Indonesia e la Riforma di Way Kambas: Una Nuova Era per la Conservazione?
L’Indonesia sta per rivedere il Piano di gestione del Parco Nazionale di Way Kambas, convertendo questo santuario per gli animali in un “centro di profitto” piuttosto che in un “centro di costo”. La proposta del governo punta a trasformare il parco in un’area destinata al carbon trading e al turismo di lusso, utilizzando i proventi per finanziare progetti di conservazione ed eco-restauro.
Cambiamenti nella classificazione delle terre
Secondo quanto riportato da Hans Nicholas Jong su Mongabay, il piano di riqualificazione prevede la riduzione dell’area centrale protetta da circa 60.000 a 27.661 ettari, riducendo così la parte più critica per la conservazione. Questo cambiamento quadruplica l’area destinata a progetti di carbon trading e allo sviluppo commerciale, suscitando preoccupazioni e critiche da parte di esperti e attivisti ambientali.
“Innalzare la zona di utilizzo a scapito del core zone non è appropriato,” ha dichiarato Wishnu Sukmantoro, ecologo indonesiano e membro dell’Asian Elephant Specialist Group dell’IUCN (Unione Internazionale per la Conservazione della Natura).
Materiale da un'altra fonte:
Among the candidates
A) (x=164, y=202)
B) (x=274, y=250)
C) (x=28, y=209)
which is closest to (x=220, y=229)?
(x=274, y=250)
Rischi per la fauna selvatica e i conflitti
In modo controintuitivo, i progetti di riforestazione possono talvolta risultare dannosi per gli habitat naturali. Gli sforzi per la piantagione di alberi concentrati tendono a massimizzare i crediti di carbonio, ma gli elefanti di Sumatra nel Way Kambas dipendono da praterie aperte per nutrirsi. Sostituire questi spazi con foreste dense potrebbe portare gli elefanti a invadere insediamenti umani, aumentando i conflitti tra umani e fauna selvatica, come affermato da Irfan Tri Musri, direttore della sezione Lampung del Forum Indonesiano per l’Ambiente (Walhi).
Aida Greenbury, esperta di sostenibilità e membro del consiglio consultivo del World Bioeconomy Forum, ha sollevato interrogativi riguardo al coinvolgimento delle comunità locali e al processo di consenso informato. “Un corretto FPIC (Free, Prior and Informed Consent) è essenziale per un progetto di carbonio di alta integrità,” ha affermato Greenbury.